Nel libro A sentimento racconta l’esperienza traumatica in un locale londinese di Giorgio Locatelli, il giudice di Masterchef. Poco più che diciottenne, è stato preso di mira e bullizzato dai responsabili della cucina: chef, sous chef e capopartita. Insulti, violenze psicologiche e fisiche (un labbro spaccato con un mazzo di radici), umiliazioni davanti alla compagna. Giornate lavorative da 16 ore e pisolini da 4 minuti sul pavimento, 20 chili persi in 4 mesi. E Locatelli? Secondo Nanni non sapeva cosa succedesse nella sua cucina. L’abbiamo contattato, ma non vuole più parlarne: «Davide ha già detto tutto quello che doveva dire. Preferiamo evitare di esporci ancora», ha risposto il suo staff.

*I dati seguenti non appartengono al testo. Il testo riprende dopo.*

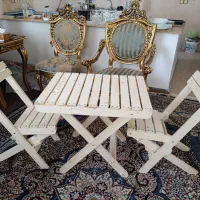 صندلی ومیزتاشو چوبی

Confessioni di un burn out

I ristoratori sanno essere vendicativi. «Se parli male di uno chef importante, hai finito di lavorare», racconta un giovane cuoco che ha frequentato diverse cucine stellate e vuole restare anonimo. «Il livello di alienazione – dice – ti porta a fare cose senza senso. Una volta un junior sous chef si è tagliato di brutto durante il servizio e invece di fermarsi e farsi cucire, ha cercato di chiudersi la ferita su una piastra rovente. Hai presente come fischia la carne quando la schiacci sulla padella? Un’altra volta si è addormentato ubriaco dentro la cella delle carni. Ci ha passato la notte, non so come non sia morto assiderato».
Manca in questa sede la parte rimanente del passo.